Universal emotion
It was assumed for a long time that emotion were learned and thus vary and reflect each culture. Forty years ago, psychologist Paul Ekman took his camera to the island of New Guinea to photograph the faces of the South Fore people. He wanted to prove that the expressions on their faces did not mirror social convention but were universal displays of human emotion.
At the time most anthropologists thought that a smile could convey joy in one culture and disgust in another. Ekman thought otherwise. In his first research, Ekman showed these very faces and others like them to people in twenty-one different cultures around the world. The viewers were asked to say what emotion was shown. Despite the differences in culture and language, the same emotions were ascribed in each culture. Everyone said the in expression of the top right picture was happy, though they might have used a different word for it. Everyone called the top middle disgust or disdain.

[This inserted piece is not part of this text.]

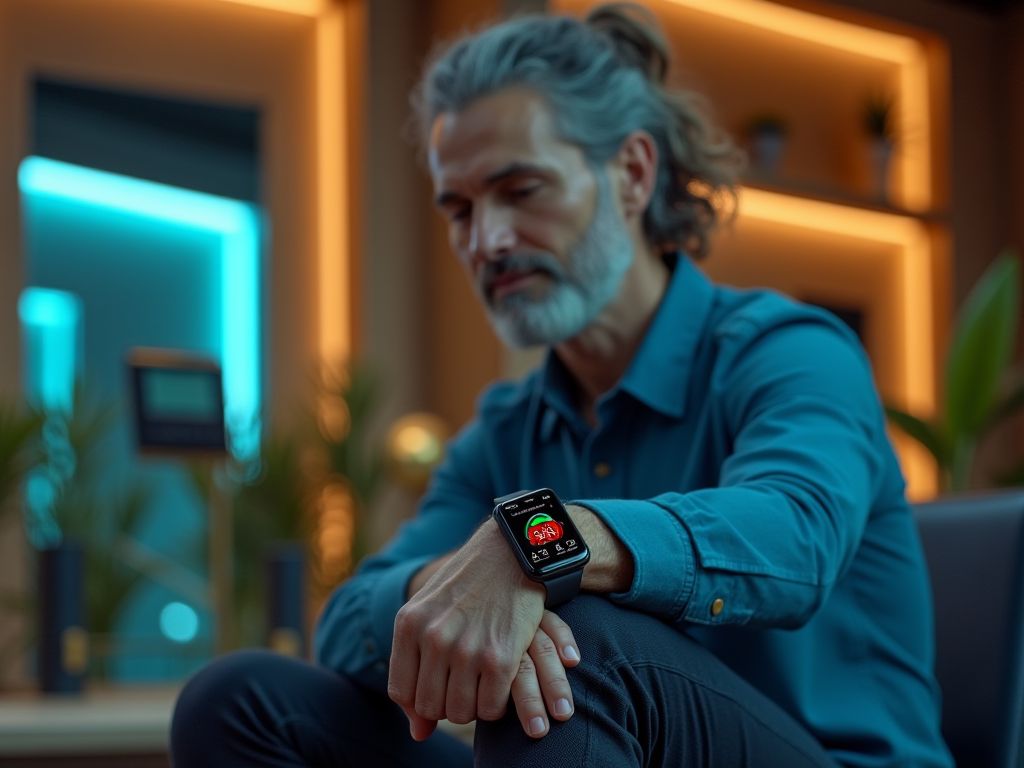 ¿Qué Sucede Si La Pérdida De Masa Muscular Con La Edad No Debe Ignorarse?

Although Ekman’s experiments showed that people from other cultures could read expressions on North American faces, some protested that exposure to magazines and films might have obscured the differences between cultures, Ekman went to South Fore to try his experiment with people who had never had contact with the outside world. When participants were asked to point to a pictured face that matched the emotion evoked by a particular story — anger, disgust, fear, joy, sadness or surprise — they made the same associations as people living elsewhere. Ekman also asked the participants to show him what their face would look like in different situations. "Show me what your face would look like if you were about to fight." Or "Show me what your face would look like if someone did something you didn’t like but you were not going to fight." Or "Show me what your face would look like if you learned your child had died."